What is being asked →
Return only the line containing "BRITAINS LEAD INDIAN" and each line after it, exactly as written, through the end of the records.

Records →
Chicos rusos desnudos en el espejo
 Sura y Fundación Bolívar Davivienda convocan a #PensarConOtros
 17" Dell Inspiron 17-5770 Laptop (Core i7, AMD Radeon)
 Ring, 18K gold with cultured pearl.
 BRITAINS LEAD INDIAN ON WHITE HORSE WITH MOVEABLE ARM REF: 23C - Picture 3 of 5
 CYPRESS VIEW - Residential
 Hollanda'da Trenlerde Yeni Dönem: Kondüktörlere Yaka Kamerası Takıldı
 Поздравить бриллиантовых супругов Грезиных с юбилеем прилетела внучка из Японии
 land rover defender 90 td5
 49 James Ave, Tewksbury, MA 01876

Output of the exercise →
 BRITAINS LEAD INDIAN ON WHITE HORSE WITH MOVEABLE ARM REF: 23C - Picture 3 of 5
 CYPRESS VIEW - Residential
 Hollanda'da Trenlerde Yeni Dönem: Kondüktörlere Yaka Kamerası Takıldı
 Поздравить бриллиантовых супругов Грезиных с юбилеем прилетела внучка из Японии
 land rover defender 90 td5
 49 James Ave, Tewksbury, MA 01876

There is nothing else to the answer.